The Republican Party Should Stop Threatening to Bomb Mexico

The United States and Mexico have recently seen an escalation in tension. It’s time to pay attention if we don’t want Chinese vessels calling Manzanillo home.

At the border city of Matamoros on March 3, members of a dr*g gang kidnapped four American tourists. Later, two bodies were discovered. In Washington, it sparked a wave of anger. That occurred as accusations mounted that Mexico is aiding in the United States’ de@dly fentanyl overdose pandemic.

Some in Washington, D.C., react reflexively to international crises by threatening to attack or invade the country.
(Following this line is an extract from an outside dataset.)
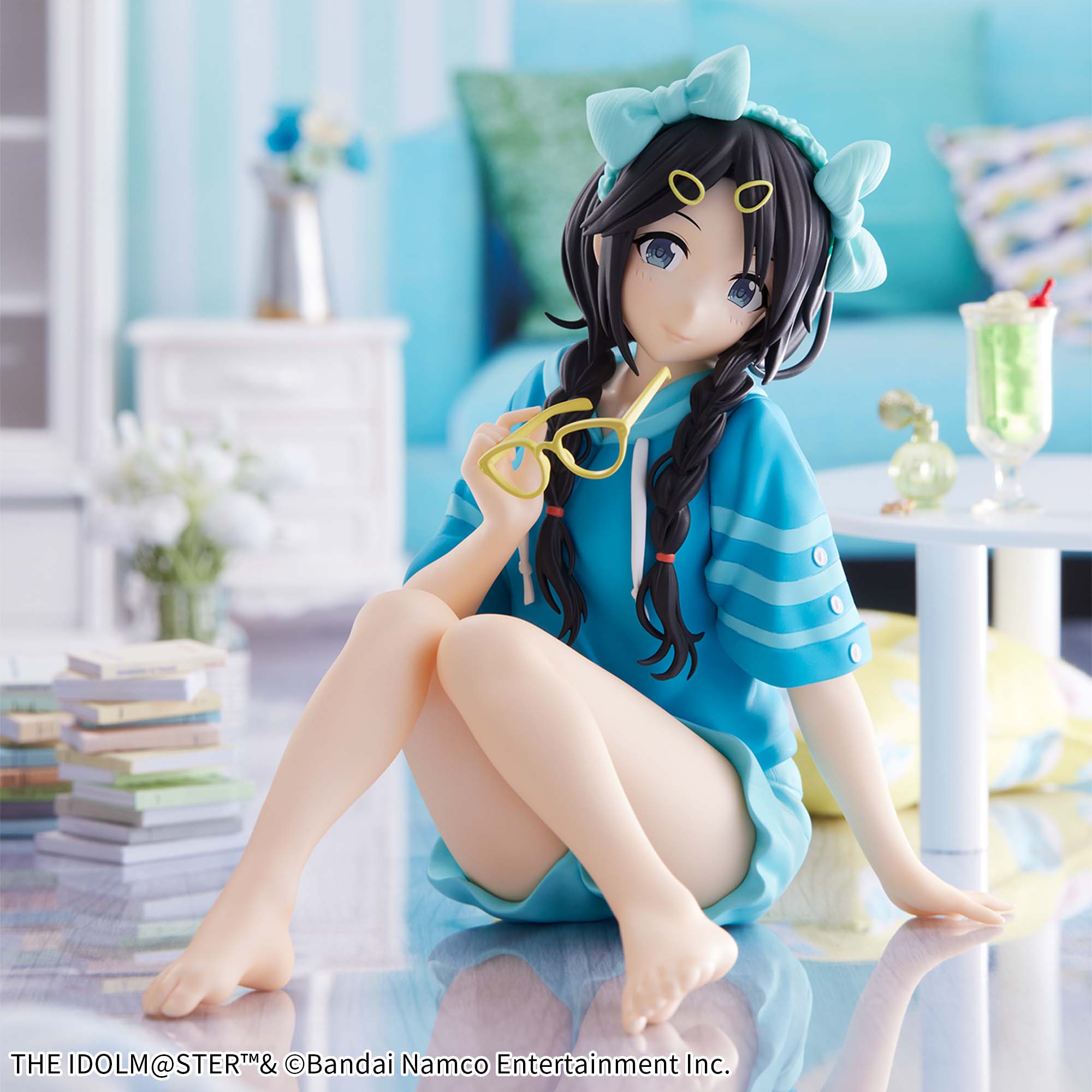 THE IDOLM@STER Shiny Colors -Relax time- Yuka Mitsumine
Often, they threaten unidentified “rogue governments” in faraway places. They’ve recently advocated for military intervention in the United States’ southern neighbor, Mexico.

Senator Lindsey Graham announced that he would file legislation classifying Mexican dr*g gangs as terrorist organizations so they could become legal targets for U.S. attacks. “I want to break the backs of these cartels, using military force if necessary,” he said. “I would tell the Mexican government: If you don’t clean up your act, we’re going to clean it up for you.”
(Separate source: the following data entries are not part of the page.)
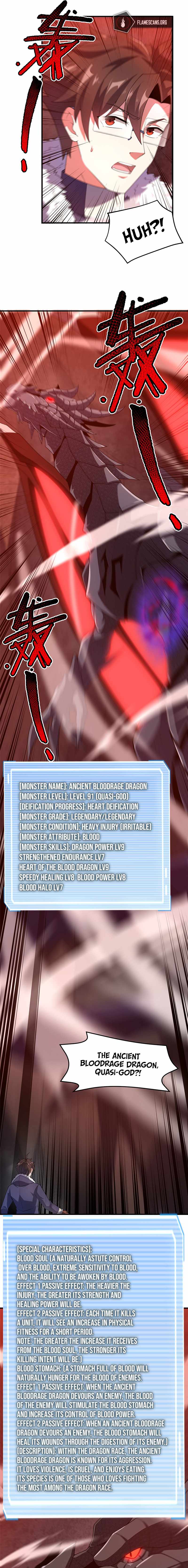 Monster Pet Evolution Chapter 180 - Page 3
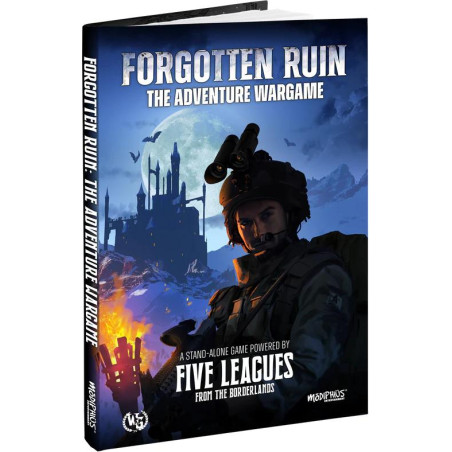 Forgotten Ruin - The...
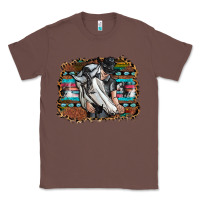 Chestnut cowgirl Classic Tee - SublimationCraftShop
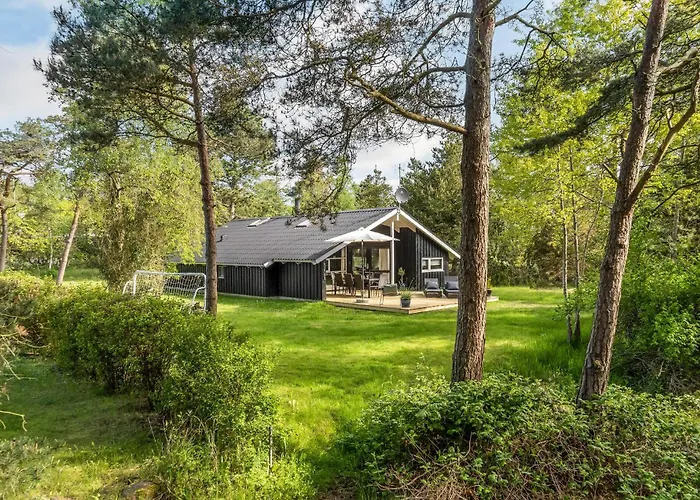 펜션 Rollikevej Iv *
Republicans all have the same hymnbook. Congressman James Comer, head of the House Oversight Committee, claimed Trump made “a mistake” by not striking Mexico laboratories. Republican presidential candidate and former biotech exec Vivek Ramaswamy have promised to “decimate the cartels, Osama bin Laden-style” if elected. Rep. Marjorie Taylor Greene expressed her bewilderment at why “we’re not bombing the Mexican cartels who are poisoning Americans every single day” on Donald Trump Jr.’s podcast.
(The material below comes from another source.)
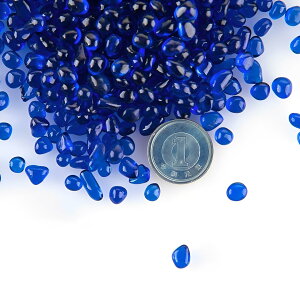 �y���������zCharmoon �A�N�A���E�� ���� ����� 6-8mm �J���t�� �ʂ� �K���X �N���X�^�� �ꍻ ���� DIY ���| �F�F�R�o���g�u���[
The Republican Party Should Stop Threatening to Bomb Mexico

The response from Mexican authorities was swift. They made the insensitive point that the United States is a significant source of the fentanyl for international criminal organizations and that most of the g*ns used by Mexican cartels are purchased in the United States.

Foreign Minister Marcelo Ebrard responded to Washington’s threats, saying, “We will not allow ourselves to be pushed around.” In addition to the numerous Mexicans mu*dered by fentanyl, he said that many Mexican police officers had been slain in the line of duty trying to combat dr*g cartels. “How is it that these men dare to question our commitment or, even worse, to call for intervention in our country?”

As anger rose in Mexico, President Andrés Manuel López Obrador said he shared it. “We’re very sorry about what’s going on in the United States, but why don’t they address their problem?” he mused. “Why don’t they combat the distribution of fentanyl in the United States, the U.S. cartels that distribute fentanyl? And beyond that, why don’t they care for their youth?”

As López Obrador spoke at a gathering in Mexico City’s central plaza on March 18, he seemed more agitated than usual. “We remind those hypocritical and irresponsible politicians that Mexico is a free and independent country!” he thundered. “They can threaten us with any kind of outrage, but never, never will we allow them to violate our sovereignty or trample on our nation’s dignity.”

Historically, Mexican nationalism has been intertwined with an anti-American sentiment. About half of Mexico was annexed by the United States in the 1840s, including the present-day states of California, Nevada, Utah, and Arizona and portions of New Mexico, Colorado, and Wyoming.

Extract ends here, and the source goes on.